• TASK DETAILS:
With pictures left out, output exactly the lines of the listing below from the line that has "A late 20th" to the line that has "A group of people", both lines kept.

• SUPPLIED DATA:
____

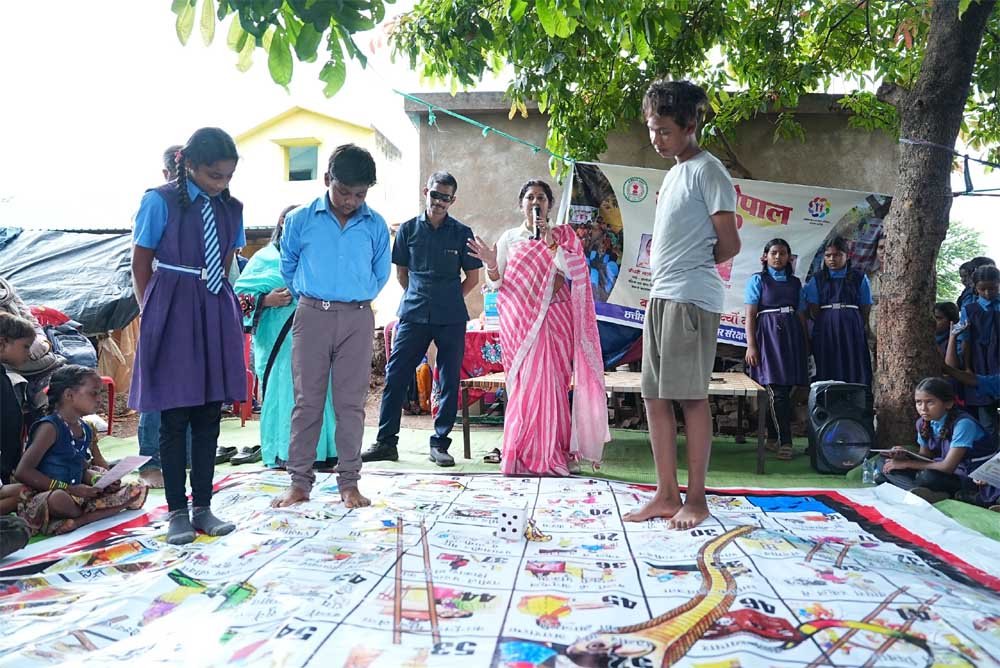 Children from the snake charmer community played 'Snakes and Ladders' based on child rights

____

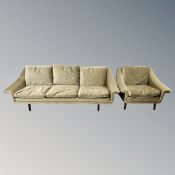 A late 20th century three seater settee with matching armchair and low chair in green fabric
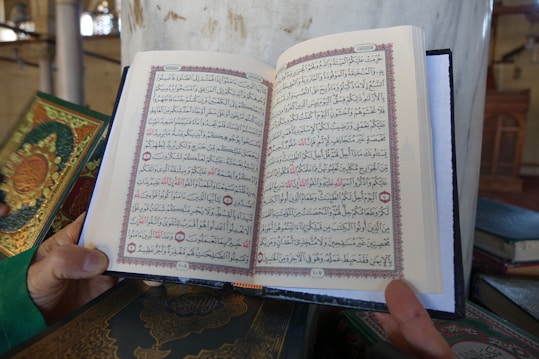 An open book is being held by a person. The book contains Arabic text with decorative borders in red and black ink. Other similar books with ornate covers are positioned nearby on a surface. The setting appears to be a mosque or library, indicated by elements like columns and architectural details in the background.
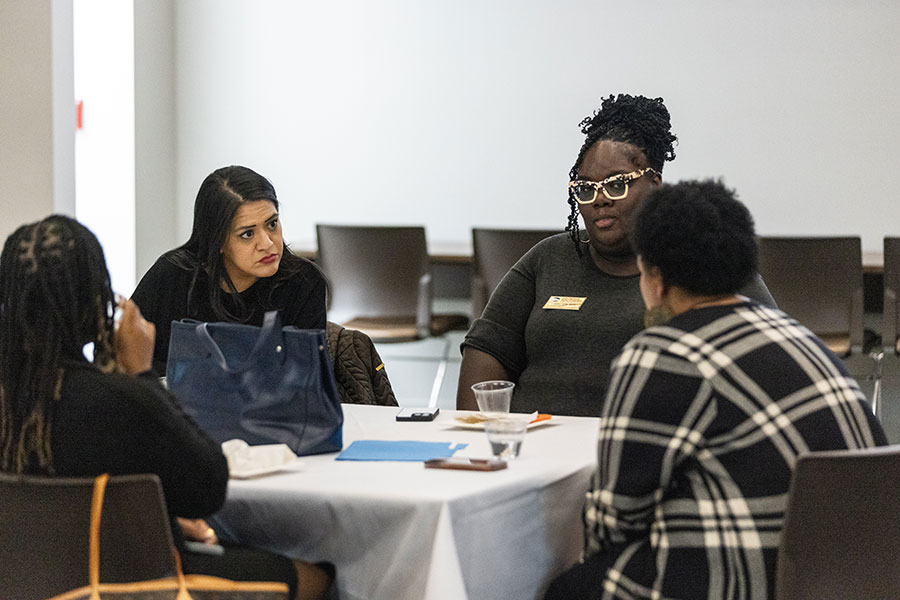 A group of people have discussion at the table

____

• ANSWER TO THIS EXERCISE:
 A late 20th century three seater settee with matching armchair and low chair in green fabric
 An open book is being held by a person. The book contains Arabic text with decorative borders in red and black ink. Other similar books with ornate covers are positioned nearby on a surface. The setting appears to be a mosque or library, indicated by elements like columns and architectural details in the background.
 A group of people have discussion at the table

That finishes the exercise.